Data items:
□ □ □ □ □

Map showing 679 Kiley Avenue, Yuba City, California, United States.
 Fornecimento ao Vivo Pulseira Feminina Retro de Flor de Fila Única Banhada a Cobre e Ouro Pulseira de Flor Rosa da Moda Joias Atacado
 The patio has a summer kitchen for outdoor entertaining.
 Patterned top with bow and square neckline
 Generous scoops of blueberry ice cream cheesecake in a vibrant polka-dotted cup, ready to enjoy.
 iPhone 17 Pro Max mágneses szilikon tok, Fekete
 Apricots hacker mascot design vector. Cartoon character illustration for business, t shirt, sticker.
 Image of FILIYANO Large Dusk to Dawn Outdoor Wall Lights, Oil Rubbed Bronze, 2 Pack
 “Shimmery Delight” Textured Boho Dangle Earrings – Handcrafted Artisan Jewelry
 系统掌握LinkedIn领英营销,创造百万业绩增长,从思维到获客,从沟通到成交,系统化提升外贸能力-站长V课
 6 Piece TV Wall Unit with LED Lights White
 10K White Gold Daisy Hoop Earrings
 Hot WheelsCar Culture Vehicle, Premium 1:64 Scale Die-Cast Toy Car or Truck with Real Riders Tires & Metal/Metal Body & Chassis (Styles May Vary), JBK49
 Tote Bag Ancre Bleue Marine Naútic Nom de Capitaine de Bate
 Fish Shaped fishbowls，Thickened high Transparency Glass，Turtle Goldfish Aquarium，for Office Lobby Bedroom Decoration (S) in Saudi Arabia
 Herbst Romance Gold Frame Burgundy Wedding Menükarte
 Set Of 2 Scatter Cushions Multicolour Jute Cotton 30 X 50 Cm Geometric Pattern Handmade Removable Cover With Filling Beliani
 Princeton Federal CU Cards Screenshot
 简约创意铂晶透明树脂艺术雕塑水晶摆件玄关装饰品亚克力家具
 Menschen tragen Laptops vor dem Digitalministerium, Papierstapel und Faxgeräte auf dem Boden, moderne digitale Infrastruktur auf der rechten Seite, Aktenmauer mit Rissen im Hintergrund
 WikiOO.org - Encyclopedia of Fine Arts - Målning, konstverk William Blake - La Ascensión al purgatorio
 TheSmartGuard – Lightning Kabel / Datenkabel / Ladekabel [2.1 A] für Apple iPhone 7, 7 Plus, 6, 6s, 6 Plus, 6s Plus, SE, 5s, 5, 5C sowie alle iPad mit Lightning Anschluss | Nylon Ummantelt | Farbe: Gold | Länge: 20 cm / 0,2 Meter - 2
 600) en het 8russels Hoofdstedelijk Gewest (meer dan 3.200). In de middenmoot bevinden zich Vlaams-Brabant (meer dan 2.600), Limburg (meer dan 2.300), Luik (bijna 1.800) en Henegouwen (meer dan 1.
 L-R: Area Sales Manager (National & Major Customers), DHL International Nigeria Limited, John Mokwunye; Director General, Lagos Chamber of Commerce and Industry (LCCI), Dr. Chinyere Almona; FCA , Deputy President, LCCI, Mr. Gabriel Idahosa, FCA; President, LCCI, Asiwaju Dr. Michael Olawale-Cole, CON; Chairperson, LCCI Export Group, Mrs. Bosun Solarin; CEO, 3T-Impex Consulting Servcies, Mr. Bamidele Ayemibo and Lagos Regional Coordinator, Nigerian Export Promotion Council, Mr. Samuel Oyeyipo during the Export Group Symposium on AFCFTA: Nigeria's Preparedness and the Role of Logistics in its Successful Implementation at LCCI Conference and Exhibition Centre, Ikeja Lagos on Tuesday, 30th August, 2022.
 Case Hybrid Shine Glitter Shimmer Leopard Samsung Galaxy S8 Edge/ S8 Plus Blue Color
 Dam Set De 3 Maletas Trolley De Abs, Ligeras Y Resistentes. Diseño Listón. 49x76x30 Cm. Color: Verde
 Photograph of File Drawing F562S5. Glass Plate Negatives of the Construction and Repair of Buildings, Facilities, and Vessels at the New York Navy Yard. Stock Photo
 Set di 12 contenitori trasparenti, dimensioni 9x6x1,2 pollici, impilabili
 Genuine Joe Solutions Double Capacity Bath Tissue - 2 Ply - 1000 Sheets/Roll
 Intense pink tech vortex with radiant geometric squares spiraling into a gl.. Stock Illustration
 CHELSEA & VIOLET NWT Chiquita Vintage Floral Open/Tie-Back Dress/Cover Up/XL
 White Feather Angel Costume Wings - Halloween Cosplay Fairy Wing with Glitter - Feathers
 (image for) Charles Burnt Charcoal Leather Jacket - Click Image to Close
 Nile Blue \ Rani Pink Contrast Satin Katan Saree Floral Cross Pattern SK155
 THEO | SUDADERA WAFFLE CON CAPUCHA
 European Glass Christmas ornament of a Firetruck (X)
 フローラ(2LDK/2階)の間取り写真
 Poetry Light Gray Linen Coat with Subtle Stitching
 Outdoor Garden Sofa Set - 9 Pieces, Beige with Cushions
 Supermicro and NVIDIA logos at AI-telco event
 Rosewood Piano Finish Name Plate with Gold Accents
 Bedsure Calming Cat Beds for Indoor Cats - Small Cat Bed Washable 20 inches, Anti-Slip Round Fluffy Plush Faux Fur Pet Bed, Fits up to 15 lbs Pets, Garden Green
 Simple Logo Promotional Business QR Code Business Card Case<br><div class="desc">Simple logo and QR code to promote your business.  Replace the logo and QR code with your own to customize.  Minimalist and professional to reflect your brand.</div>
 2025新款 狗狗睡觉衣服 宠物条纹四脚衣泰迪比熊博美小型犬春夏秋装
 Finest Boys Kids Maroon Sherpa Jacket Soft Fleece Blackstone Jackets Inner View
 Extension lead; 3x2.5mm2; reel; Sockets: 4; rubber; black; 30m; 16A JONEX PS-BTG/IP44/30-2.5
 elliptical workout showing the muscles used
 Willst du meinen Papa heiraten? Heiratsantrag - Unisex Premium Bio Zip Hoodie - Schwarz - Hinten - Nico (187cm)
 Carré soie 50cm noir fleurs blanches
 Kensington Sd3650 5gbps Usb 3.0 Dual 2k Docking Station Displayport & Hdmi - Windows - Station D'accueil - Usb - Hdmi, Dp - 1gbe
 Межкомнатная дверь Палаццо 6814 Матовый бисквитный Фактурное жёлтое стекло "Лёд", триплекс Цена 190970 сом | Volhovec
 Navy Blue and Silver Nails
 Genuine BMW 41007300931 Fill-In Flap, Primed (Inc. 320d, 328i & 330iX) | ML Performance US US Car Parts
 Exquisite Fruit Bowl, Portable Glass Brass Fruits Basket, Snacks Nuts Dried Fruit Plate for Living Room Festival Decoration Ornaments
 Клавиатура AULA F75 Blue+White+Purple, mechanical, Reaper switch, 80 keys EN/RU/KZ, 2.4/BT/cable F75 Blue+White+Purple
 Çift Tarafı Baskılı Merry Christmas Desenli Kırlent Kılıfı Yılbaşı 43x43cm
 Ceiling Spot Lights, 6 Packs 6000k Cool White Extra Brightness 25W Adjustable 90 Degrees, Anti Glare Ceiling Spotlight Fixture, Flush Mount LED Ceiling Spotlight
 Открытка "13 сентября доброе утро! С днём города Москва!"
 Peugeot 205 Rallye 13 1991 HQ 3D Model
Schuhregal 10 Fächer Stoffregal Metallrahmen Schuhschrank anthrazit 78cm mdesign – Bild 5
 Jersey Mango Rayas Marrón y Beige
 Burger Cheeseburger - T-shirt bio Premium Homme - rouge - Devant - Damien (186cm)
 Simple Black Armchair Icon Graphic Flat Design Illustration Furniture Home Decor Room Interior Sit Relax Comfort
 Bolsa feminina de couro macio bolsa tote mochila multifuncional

□ □ □ □ □

**WORK TO BE COMPLETED:**
Number of lines above holding "Navy"? Give that number alone.

**TASK OUTPUT:**
2